0

We are using neo4j to store academic and professional evolution of many persons (User) in order to process and provide the information it contains for our clients.

For example, they may ask for the most frequent professional evolution for people who had a certain diploma (represented as a “Diploma” node in the graph database) and worked later in a certain job (a “Job” node).

Both Job and Diploma play a similar role, as a “kind” of step everyone could have on his or her resume (users are not directly linked to them). Resume are professional activities who were held by a certain person at a certain period in time: those have one and only one User related to them, and also :CONTAINS a "Job_or_Diploma" to help classifying them.

The Resume of a given user are linked to each other by a :LEADS_TO relationship, following their succession in time. This succession gives back the whole resume of this user. So we have paths like:

(u:User)-[:HAS]->(:Resume)-[:LEADS_TO]->(:Resume)<-[:HAS]-(u)

Thus the problem we need to solve would become : find the most popular path between the start:Diploma node and the end:Job node, among all paths with "Job_or_Diploma" nodes only.

As we define the most common path by properties which do not belong directly to "Job_or_Diploma" nodes, and even to any individual node (the 'popularity' of a path depends on the whole path because we measure it by the number of Users who followed it completely), we struggle to determine how to find it.

Another pitfall we have to face is that there are actually no direct links between 2 "Job_or_Diploma" : a Resume :LEADS_TO the following Resume in the curriculum of the User who :HAS them, and each Resume :CONTAINS one "Job_or_Diploma" of more, but those "Job_or_Diploma" have no edge between each other (cf screenshots below).
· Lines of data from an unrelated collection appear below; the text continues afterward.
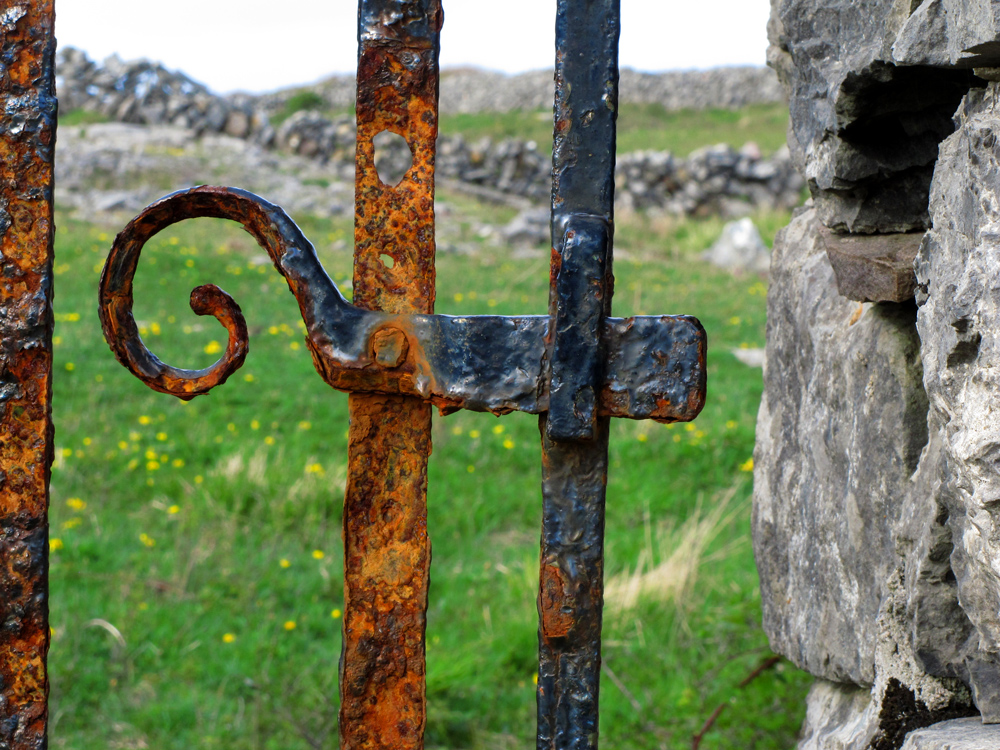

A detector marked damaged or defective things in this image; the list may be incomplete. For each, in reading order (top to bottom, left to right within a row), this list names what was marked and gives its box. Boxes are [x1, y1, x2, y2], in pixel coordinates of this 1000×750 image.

peeling rust flake [0, 2, 55, 748]
rust texture [0, 2, 56, 748]
orange rusty bar [0, 2, 56, 748]
rusty iron gate [0, 1, 708, 750]
orange rusty bar [340, 2, 442, 748]
rust texture [342, 2, 440, 748]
So the path we are looking for doesn't exist in the graph.

Hence the question : is there a way to find the 'path', or rather 'succession' of "Job_or_Diploma" that were taken (in chronological order) by the highest number of Users between a certain diploma and a certain job? Ideally, we look for something that we could implement using Cypher only.

We would be glad to receive any insight to show us how to proceed. Below are a few screens of some parts of our graph which are implied in this problem:

The kind of configuration we are dealing with in this problem

2 users' Resumes between a diploma in Engineering and a position in Management

4 users' length-2 Resume paths between a diploma in Engineering and a Technical Director position

Thank you in advance for your help!

pierre
  • 1
  • 1

1 Answers1

0

Since a node can have multiple labels, your Resume nodes can also have either a Diploma or Job label. There is no need to have separate nodes with Diploma or Job labels.

So, you can simplify your data model to, for example:

(u:User)-[:HAS]->(:Resume:Diploma)-[:LEADS_TO]->(:Resume:Job)<-[:HAS]-(u)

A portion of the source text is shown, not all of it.